I want to begin pursuing some other, as yet-unidentified, career. Once identified, I might need to get the appropriate educational credentials, during which time I would prefer to stay with my current employer (because, who knows, the new role may be with my current employer if I'm lucky, because I really do love the company and the people I work with).

That said, if I were to start applying for, say, marketing jobs or product-type jobs in a couple of years, would I be typecast as a salesperson and have my resume overlooked? At what point are you professionally typecast?

If you feel that I would be typecast after 7 to 8 years in similar roles, what other extracurricular activities (aside from continuing education) could I involve myself in to break out of the typecast?

(I'd particularly love to hear from MeFites who might review resumes all day long.)
posted by po822000 to Work & Money (3 answers total) 1 user marked this as a favorite
 
As a rule of thumb, I doubt that you'd be "professionally typecast" if you're about 27, assuming that you graduated at 22. I think that people would understand that you wouldn't want to do that all your life.

One of the things that can help you break out is to find other responsibilities to assume. Is there any way in your current job or with your current employer to get experience with some of the things that you'd like to be doing?
posted by Halloween Jack at 8:21 AM on May 18, 2009


I'm going to be contrarian and say the fact that you don't love your job is not necessarily a reason to change it. The odds of you loving any job are pretty low. I think your (our? I'm 41 - not sure where the generational line is) generation has been sold a pipe dream with the idea that we will all love our jobs. It's work. Yeah, a few people manage to combine their passion and their job, but odds are marketing, or public relations, or whatever will sit with you about as well as sales. Really, they aren't that different. Maybe if you something dramatically different like learn to code, but then all you have to do is search here for posts from bored programmers looking for a way out.

That said, you are young, and presumably aren't tied down with a mortgage or kids or other responsibilities so now is the time to try something different. At 27 with 5 years experience nobody will have you pigeon-holed as a career sales professional. However, changing jobs to change careers is always more difficult than finding another job doing what you already do. It isn't that companies typecast you so much as they don't want to take to risk of hiring you to do something you haven't already proven to be competent at.
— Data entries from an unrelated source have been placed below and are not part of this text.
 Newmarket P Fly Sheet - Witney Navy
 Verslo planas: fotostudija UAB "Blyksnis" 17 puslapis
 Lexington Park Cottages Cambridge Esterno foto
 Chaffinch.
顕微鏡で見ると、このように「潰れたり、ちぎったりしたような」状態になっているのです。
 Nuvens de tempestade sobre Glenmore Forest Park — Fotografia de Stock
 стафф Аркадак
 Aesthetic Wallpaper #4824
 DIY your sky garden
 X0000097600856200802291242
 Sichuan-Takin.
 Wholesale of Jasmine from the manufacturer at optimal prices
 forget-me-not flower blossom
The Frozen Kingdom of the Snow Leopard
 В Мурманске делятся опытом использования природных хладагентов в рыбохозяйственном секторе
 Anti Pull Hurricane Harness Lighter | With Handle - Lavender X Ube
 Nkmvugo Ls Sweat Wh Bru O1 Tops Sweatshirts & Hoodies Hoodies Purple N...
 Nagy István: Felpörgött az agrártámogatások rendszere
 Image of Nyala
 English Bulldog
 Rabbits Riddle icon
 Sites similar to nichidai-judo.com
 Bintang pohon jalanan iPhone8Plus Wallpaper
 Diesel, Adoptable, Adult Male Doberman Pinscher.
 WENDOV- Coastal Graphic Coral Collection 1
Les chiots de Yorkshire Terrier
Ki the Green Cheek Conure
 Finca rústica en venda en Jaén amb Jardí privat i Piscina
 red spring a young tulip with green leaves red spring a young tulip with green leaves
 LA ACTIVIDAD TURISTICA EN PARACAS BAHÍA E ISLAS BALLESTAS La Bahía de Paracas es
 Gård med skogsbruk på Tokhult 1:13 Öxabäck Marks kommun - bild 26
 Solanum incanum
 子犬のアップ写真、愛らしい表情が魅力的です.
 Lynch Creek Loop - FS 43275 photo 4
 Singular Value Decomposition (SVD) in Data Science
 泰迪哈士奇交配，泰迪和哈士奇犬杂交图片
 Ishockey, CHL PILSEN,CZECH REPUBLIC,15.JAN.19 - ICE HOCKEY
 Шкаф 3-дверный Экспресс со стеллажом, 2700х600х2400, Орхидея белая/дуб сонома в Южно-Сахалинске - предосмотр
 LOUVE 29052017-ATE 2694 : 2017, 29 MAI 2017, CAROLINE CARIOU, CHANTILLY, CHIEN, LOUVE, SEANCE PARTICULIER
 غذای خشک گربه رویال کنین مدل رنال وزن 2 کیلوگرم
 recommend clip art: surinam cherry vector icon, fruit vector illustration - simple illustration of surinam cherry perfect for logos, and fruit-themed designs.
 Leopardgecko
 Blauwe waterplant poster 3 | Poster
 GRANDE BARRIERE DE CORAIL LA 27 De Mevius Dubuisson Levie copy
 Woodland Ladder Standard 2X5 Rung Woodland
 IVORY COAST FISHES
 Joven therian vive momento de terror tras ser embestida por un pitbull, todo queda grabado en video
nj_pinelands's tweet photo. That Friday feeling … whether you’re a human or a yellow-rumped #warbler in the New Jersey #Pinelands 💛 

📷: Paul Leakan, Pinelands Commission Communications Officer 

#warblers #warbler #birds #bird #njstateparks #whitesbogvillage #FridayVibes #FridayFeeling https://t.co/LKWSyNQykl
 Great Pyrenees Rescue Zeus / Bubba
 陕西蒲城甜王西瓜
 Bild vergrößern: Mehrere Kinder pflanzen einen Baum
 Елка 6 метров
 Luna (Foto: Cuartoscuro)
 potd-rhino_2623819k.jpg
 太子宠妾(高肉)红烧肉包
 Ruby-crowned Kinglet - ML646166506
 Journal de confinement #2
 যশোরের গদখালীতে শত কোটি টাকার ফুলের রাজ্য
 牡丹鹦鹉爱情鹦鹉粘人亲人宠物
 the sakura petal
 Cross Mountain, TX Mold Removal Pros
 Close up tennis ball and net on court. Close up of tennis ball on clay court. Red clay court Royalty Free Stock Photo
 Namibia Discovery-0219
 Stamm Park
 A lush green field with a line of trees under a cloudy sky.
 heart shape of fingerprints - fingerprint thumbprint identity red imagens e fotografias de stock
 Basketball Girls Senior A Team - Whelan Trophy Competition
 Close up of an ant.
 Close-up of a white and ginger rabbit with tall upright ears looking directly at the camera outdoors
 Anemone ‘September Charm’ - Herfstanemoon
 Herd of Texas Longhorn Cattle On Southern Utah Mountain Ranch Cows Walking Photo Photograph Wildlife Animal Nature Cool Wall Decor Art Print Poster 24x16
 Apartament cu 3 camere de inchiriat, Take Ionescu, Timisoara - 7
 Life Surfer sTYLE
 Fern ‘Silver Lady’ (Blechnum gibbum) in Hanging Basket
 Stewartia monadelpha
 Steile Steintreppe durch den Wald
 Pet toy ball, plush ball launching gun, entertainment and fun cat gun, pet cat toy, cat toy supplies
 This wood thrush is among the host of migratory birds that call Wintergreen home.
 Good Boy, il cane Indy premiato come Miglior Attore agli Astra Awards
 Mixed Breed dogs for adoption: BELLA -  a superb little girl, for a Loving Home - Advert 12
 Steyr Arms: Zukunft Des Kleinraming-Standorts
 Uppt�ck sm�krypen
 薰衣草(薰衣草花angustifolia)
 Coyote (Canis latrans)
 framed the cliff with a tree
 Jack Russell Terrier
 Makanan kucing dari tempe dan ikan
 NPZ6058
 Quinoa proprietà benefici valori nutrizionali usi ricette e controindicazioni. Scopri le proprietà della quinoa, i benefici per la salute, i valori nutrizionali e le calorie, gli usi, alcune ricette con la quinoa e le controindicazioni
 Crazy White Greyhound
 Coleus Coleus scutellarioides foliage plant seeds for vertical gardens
Your odds might be better at a small software company where one person has both sales and marketing or product management responsibilities. Just don't be surprised when after the new job shine wears off you find yourself feeling the same way that you do today.
posted by COD at 8:52 AM on May 18, 2009


While I don't review resumes all day long (sorry!), I'm a consultant involved in the hiring process and see lots of resumes from candidates I assess, plus I have a background in career management so perhaps I have a perspective of value to offer.

Being typecast as a sales guy is not much of an issue given your age and tenure with your company. The types of skills and business knowledge you've gained in your sales roles tend to translate well into other areas. A move from sales into marketing or product management is a fairly natural career path into management type roles in sales, marketing, or even general management.

In fact, if you were to start to investigate these other, related fields now -- rather than waiting a few years to apply for jobs in those areas -- you would be far better prepared to decide which career path you wanted to follow and you could get a jump on whatever sort of educational or other experience you might need to make the switch.

Especially since you would much like to stay in your current company, you could certainly begin doing some informational interviewing (either formally or informally) regarding the potential career shifts that interest you.